Pero también publicó una compilación de frases que fue recogiendo por medio mundo con el título De jardines ajenos, y que hoy es una rareza bibliográfica que pocos lectores conocen. De entre la brumosa cantidad de frases absurdas, curiosas o sorpresivas allí recogidas, siempre me impresionó la que el ayatolá Jomeini pronunció pidiendo la pena de muerte para 600 conspiradores en junio de 1980. “Nadie tiene derecho a perdonar”. Por supuesto. Pero sí tienen derecho a morir en nombre de nobles causas que en el pasado siglo se llevó por delante a más de cien millones de víctimas.

Son frases que hacen historia. Estos días de recurrente crisis se oyen también algunas frases de oscuro pronóstico y que solo pueden anunciar turbulencias por encima y debajo de las nubes.

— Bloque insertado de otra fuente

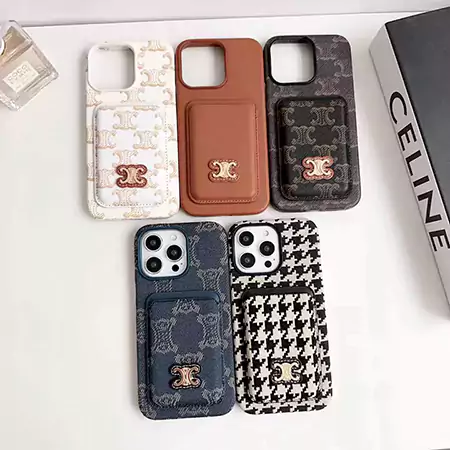 iphone16プロ celine 携帯ケース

Pero el ciudadano no sabe desentrañar su contenido, precisamente porque está en las nubes, narcotizado de miedo y de ilusiones chamuscadas.

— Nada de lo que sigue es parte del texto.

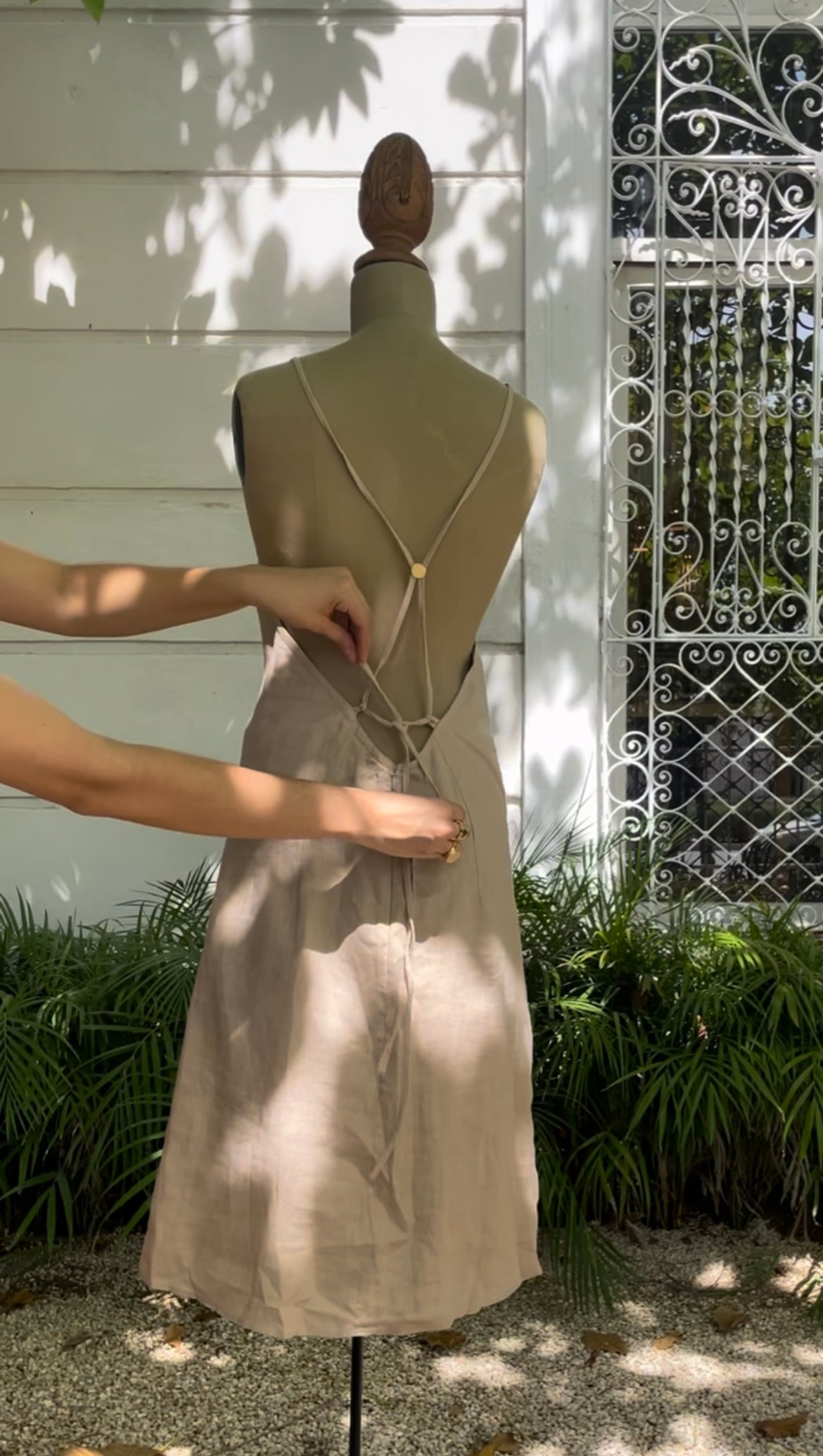 Sleep Dress Midi - Daniela Bustos Maya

Cuando nuestros nietos alcancen a leer todas estas frases que hacen historia, entenderán por qué un día, en esos dichos deshilachados, nos vendieron un futuro a saldo que nadie quería, y que los libros salvarán del olvido para hacer historia.

Un tiempo que todavía hoy es un presente que tenemos la obligación de defender ajenos a esos cantos de sirena que pronostican que nadie tiene derecho a perdonar, pero sí a una condena sin piedad posible en medio de un barullo que nos desconcierta y enajena. Como si este tiempo ya no fuera nuestro, sino simples retazos de un sueño del que nos despertaron a palos para meternos en una pesadilla de la que, sea como sea, habrá que salir. Aunque en el empeño se nos vaya el alma.